# Potty Dept.and PuppyPen



## whitzend (Dec 1, 2011)

I know cooper has been with us only a few days and he is 8 1/2 weeks old but I have some questions...

1. His potty dept is going down hill..he has missed more than hit plus he drags his toys on the tray :frusty:

2. He will not go in his crate during the day, only at night with some calming. He drags the crate bed out and sleeps on that in his pen. Do I remove his bed he likes from the pen and leave his crate in the pen?

3. Does he stay in his pen UNTIL he is 100% potty trained? I do take him out to cuddle and we are starting brushing his coat and a calming method the breeder showed me.

4. I have read all the info on here that has been posted. Now I think it's time to read them to Cooper because I am doing my part but he isn't LOL

5. What special treats to give for good deeds and where do you all purchase them?
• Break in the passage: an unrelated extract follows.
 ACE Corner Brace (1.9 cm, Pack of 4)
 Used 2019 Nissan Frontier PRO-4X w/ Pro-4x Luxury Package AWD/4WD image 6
I have lot's of patience and time plus he is so much fun. But crating and puppy pens are new to me. 16 yrs. ago we didn't use them. Now onto me..what is a good wine to have at the end of the day ound:ound:

Linda Cooper's Mom


----------



## Suzi (Oct 27, 2010)

Hi Linda, I know how you feel. I tried crate training but didn't last very long. One suggestion is at night put him in a travel crate by your bed and take him out or to the area you have decided to have him go potty. He can be created that way for awhile and then maybe when he is accident free in his crate you can open the door for extra room. Also maybe some Velcro to hold down his bedding . The toys well he will probably drag them around.Do you want him to be a indoor potty dog or a outdoor ?


----------



## whitzend (Dec 1, 2011)

Training him to go inside.

Linda


----------



## clare (Feb 6, 2010)

Havs can be very tricky to potty train,and Cooper is very young,neither of our Havs were reliable until they were 8 months old.Where as other dogs we have had in the past got the hang of it in a matter of weeks.


----------



## DeeDee (Sep 4, 2011)

Hi Linda. Know you said you did a lot of reading but posting a link to a thread that was helpful to me.



I didn't use treats for going potty, only praise.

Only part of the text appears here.